[Records from a dataset]
* * *
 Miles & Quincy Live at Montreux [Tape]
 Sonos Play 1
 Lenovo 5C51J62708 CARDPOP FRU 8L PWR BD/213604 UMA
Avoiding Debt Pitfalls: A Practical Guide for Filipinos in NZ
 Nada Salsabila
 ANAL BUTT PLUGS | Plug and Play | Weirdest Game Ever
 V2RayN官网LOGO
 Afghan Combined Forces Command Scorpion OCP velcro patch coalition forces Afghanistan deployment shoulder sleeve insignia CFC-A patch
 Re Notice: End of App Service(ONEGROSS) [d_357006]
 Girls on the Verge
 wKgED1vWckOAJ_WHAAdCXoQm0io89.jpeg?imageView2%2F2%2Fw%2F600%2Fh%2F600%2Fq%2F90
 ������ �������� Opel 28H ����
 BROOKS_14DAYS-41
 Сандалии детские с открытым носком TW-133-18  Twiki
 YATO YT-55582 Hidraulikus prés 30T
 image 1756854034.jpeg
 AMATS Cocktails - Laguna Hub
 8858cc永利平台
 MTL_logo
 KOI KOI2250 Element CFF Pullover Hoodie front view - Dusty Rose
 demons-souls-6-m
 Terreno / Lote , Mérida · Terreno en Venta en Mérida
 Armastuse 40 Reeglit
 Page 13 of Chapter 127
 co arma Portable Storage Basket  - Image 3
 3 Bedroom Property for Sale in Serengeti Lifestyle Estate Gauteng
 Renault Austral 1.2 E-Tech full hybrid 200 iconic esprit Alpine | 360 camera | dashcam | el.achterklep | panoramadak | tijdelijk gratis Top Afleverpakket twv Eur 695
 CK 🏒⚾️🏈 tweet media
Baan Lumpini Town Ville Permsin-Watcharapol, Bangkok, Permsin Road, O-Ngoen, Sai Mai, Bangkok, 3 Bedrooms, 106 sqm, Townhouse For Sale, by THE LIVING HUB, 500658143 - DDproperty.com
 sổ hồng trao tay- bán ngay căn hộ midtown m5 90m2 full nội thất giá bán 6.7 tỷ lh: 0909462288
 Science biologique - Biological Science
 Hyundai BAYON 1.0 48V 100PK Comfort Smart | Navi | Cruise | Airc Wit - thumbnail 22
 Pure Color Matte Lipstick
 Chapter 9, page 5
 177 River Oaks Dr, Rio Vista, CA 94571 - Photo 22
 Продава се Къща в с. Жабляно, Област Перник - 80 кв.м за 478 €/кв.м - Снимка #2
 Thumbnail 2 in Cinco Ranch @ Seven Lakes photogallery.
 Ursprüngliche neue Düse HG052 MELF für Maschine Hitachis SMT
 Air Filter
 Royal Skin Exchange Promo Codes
* * *
Write only the number of lines in the entries that contain the word "Chapter".

2